[Supplied information — start]
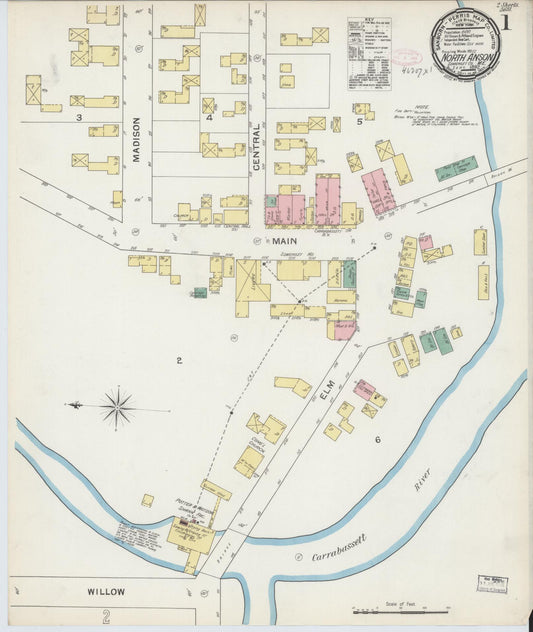 Sanborn Fire Insurance Map from North Anson, Somerset County, Maine (1892), Sheet #0001 - Complete Map Set gallery image, historic Sanborn map, vintage wall art, Maine Maine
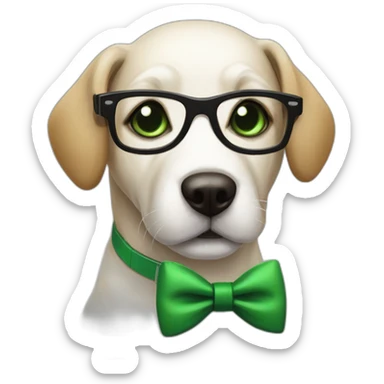 medium-bege-and-white-dog-with-green-eyes-and-black-glasses-and-green-bow sticker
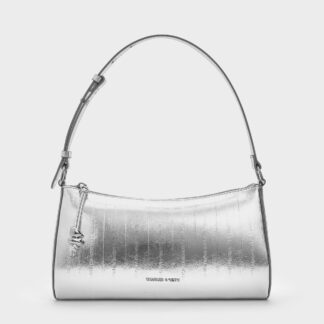 Charles & Keith - Augustine Metallic Eel-Effect Sculptural-Detail Shoulder Bag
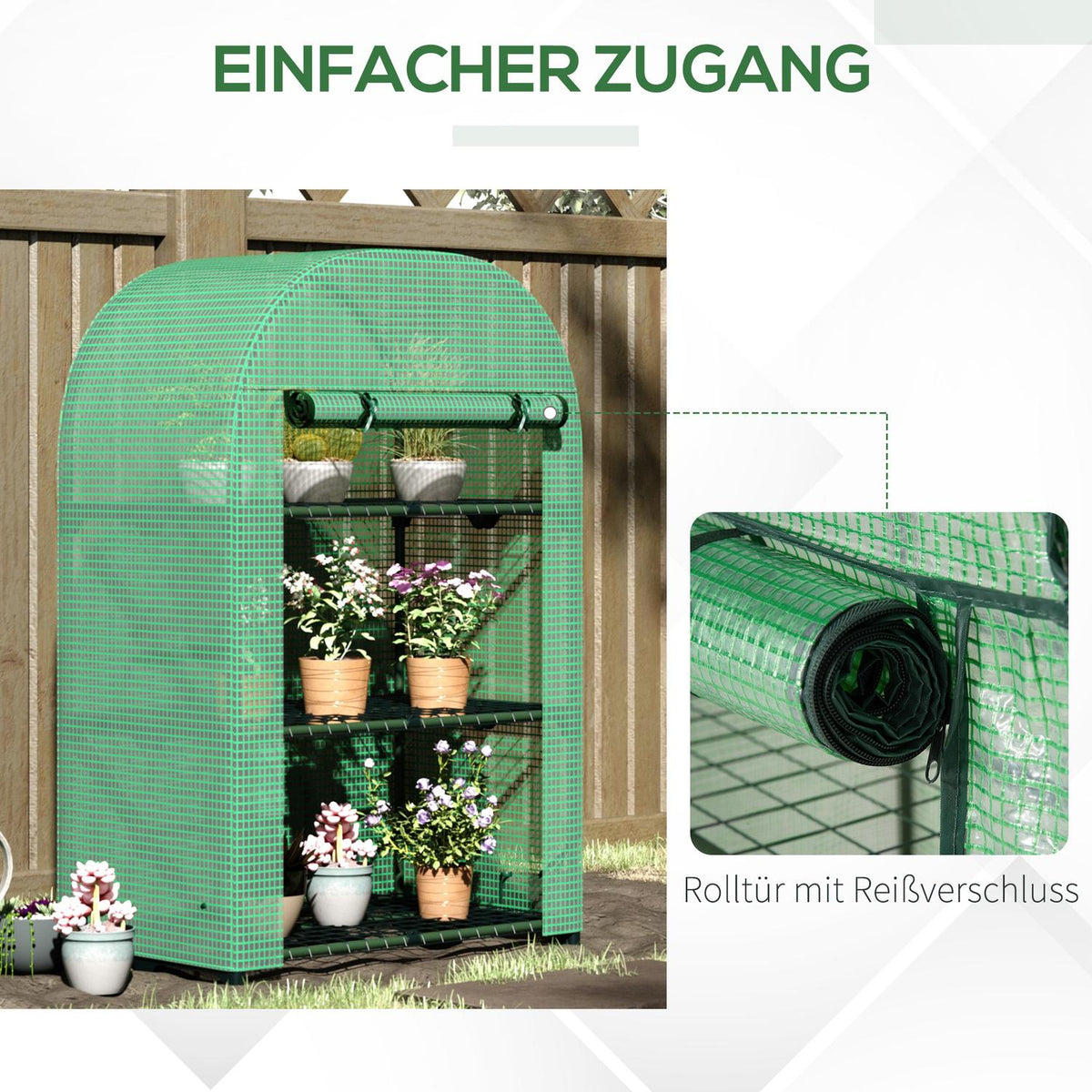 Foil Greenhouse 3 Shelves, Mini Greenhouse For Balcony, Greenhouse, Tomato House, Metal, Green, 80X49X120Cm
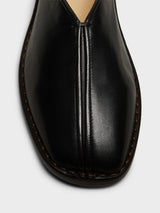 Lemaire - Flat Piped Slippers in Black and Dark Chocolate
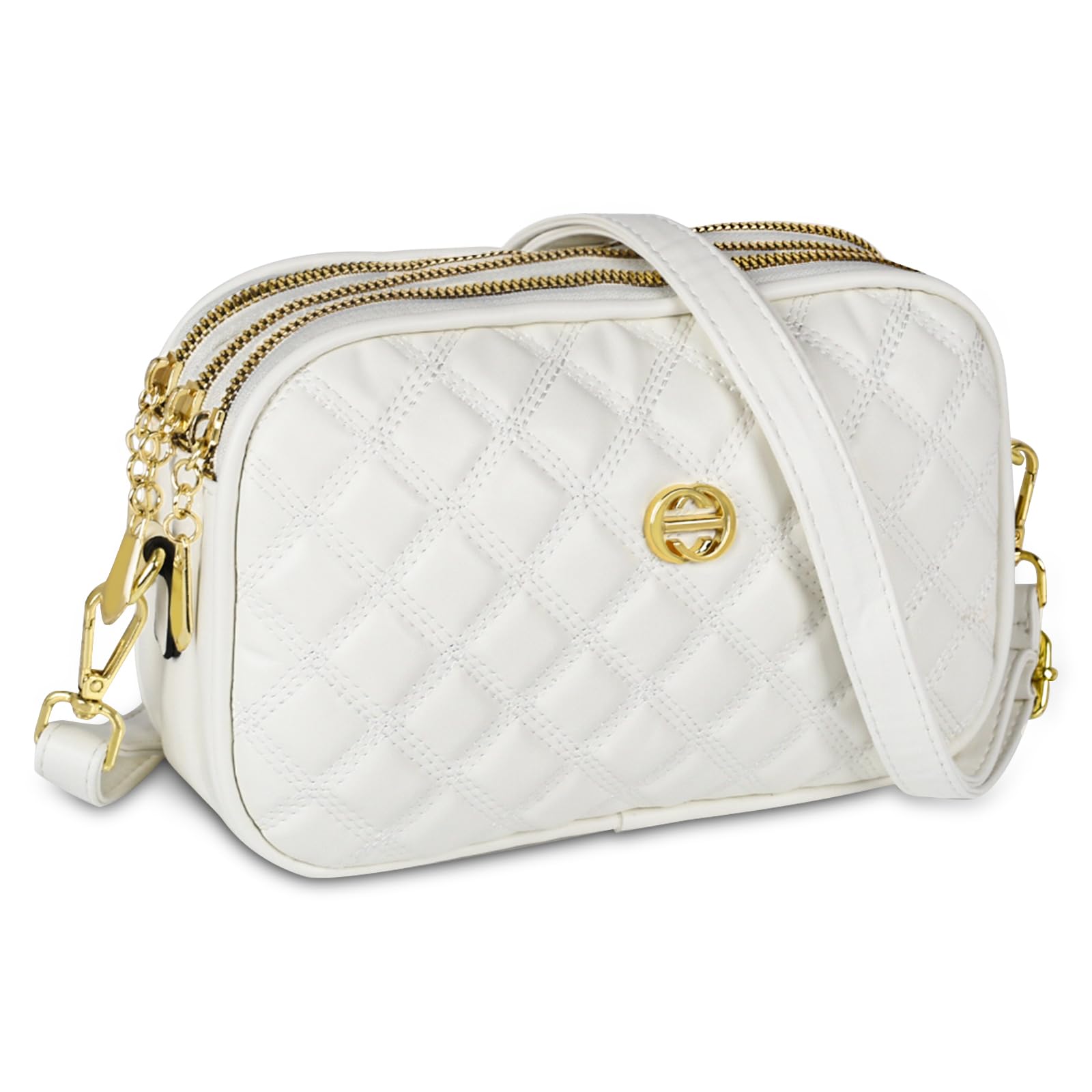 EXTREE Quilted Crossbody Bag Trendy Design Shoulder Purse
[Supplied information — finish]
(Problem to work on): Transcribe every entry word for word, excluding images.

(Response to this exercise):
 Sanborn Fire Insurance Map from North Anson, Somerset County, Maine (1892), Sheet #0001 - Complete Map Set gallery image, historic Sanborn map, vintage wall art, Maine Maine
 medium-bege-and-white-dog-with-green-eyes-and-black-glasses-and-green-bow sticker
 Charles & Keith - Augustine Metallic Eel-Effect Sculptural-Detail Shoulder Bag
 Foil Greenhouse 3 Shelves, Mini Greenhouse For Balcony, Greenhouse, Tomato House, Metal, Green, 80X49X120Cm
 Lemaire - Flat Piped Slippers in Black and Dark Chocolate
 EXTREE Quilted Crossbody Bag Trendy Design Shoulder Purse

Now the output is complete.